Adam Fedoruk jako najlepszy piłkarz z Elbląga znacząco wpisał się w historię polskiej piłki nożnej.
Każdy znał jego zwód, zwany przez Wojciecha Kowalczyka "przekładańcem", którego nikt przez tyle lat nie rozszyfrował. Swoją karierę piłkarską rozpoczął w Olimpii Elbląg, gdzie grał do 1985 roku. Sezon 1985/1986 grał w drużynie Stal Mielec, gdzie spędził 8 lat. W 1993 roku został obrońcą w pierwszoligowej Legii Warszawa, która dzięki jego bramce na 1:1 w meczu z Górnikiem Zabrze zdobyła Mistrzostwo Polski w 1994. Były trener Olimpii Elbląg rozegrał 300 meczy w I lidzie polskiej, gdzie zdobył 50 bramek, w takich zespołach jak: wspomniana Legia Warszawa (1993- 1996), ale także Amica Wronki (1996-97), Raków Częstochowa (1997-98) i Lechią/Polonia Gdańsk (1998-1999).

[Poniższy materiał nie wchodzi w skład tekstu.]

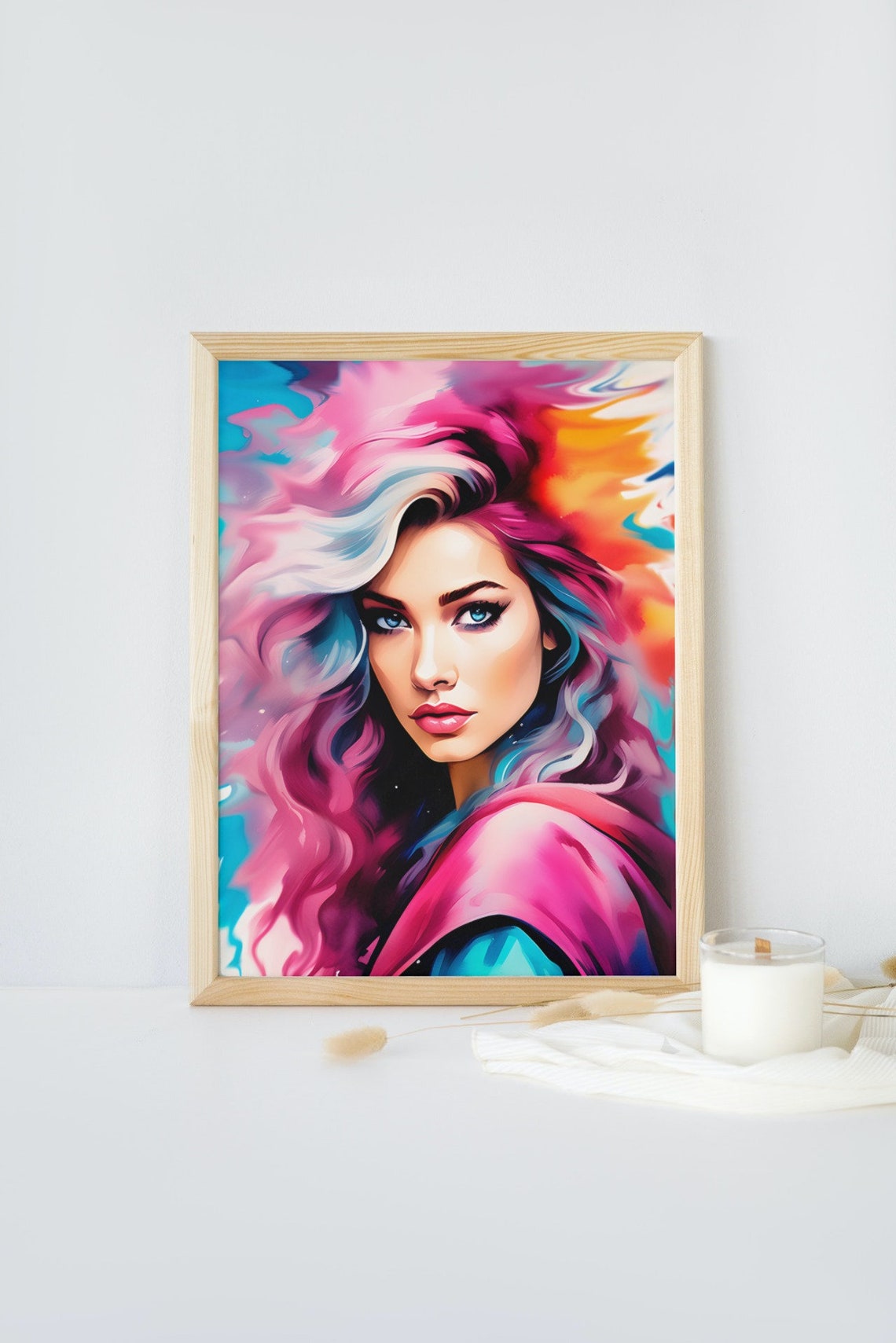 Vibrant Watercolor Woman Portrait Magenta Blue Hair Beauty Art Poster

Ponadto Adam Fedoruk zaistniał na arenie międzynarodowej rozgrywając 18 meczy w reprezentacji Polski i strzelając zwycięską bramkę na 3-2 w meczu z Węgrami w 1995 roku w Krakowie. Był także piłkarzem greckiej Kavali (1997) oraz amerykańskiego zespołu Pittsburgh Riverhounds (1999, 2000-2001). Pod koniec swojej kariery piłkarskiej rozpoczął przygodę trenerską, występując jako grający trener. W czasie gdy Adam Fedoruk był opiekunem elbląskiej Olimpii, zdobyła ona awans do III ligi w 2002 roku. Karierę piłkarską zakończył w 2003 roku.

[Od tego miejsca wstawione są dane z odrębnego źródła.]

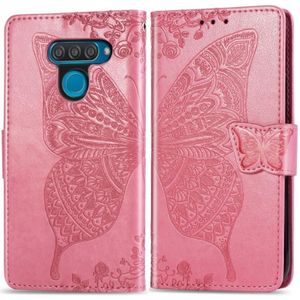 Vlinder liefde bloemen reliëf horizontale Flip lederen case voor LG q60  met houder & card slots & portemonnee & Lanyard (roze)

- Kibiców interesuje, co się dzieje z Adamem Fedorukiem, wielokrotnym reprezentantem Polski w piłce nożnej, zdobywcą Mistrzostwa Polski 1994/1995 oraz byłym trenerem Olimpii Elbląg?
- Jednym zdaniem mieszka z żoną i młodszą córką w Anglii. Poza tym pracuję w koncernie TNT, zajmującym się usługami kurierskimi na szeroką skalę. Poza tym grałem w amatorskim zespole piłkarskim INTERACTION, gdzie przez 3 miesiące byłem również trenerem. Moim celem jest prowadzenie drużyny angielskiej na szczeblu centralnym, ale wiem, że muszę się jeszcze dużo nauczyć. Przede wszystkim języka i warsztatu treningowego. W wolnych chwilach obserwuje pobliskie drużyny pilłarskie, takie jak: Rushden Diamonds, Northampton Town z Coca-Cola League Two oraz Kettering Town z Nationwide Conference North, gdzie trenerem był sam Paul Gascoine. Praca w Anglii pozwala mi na realizację swoich planów związanych z karierą trenerską.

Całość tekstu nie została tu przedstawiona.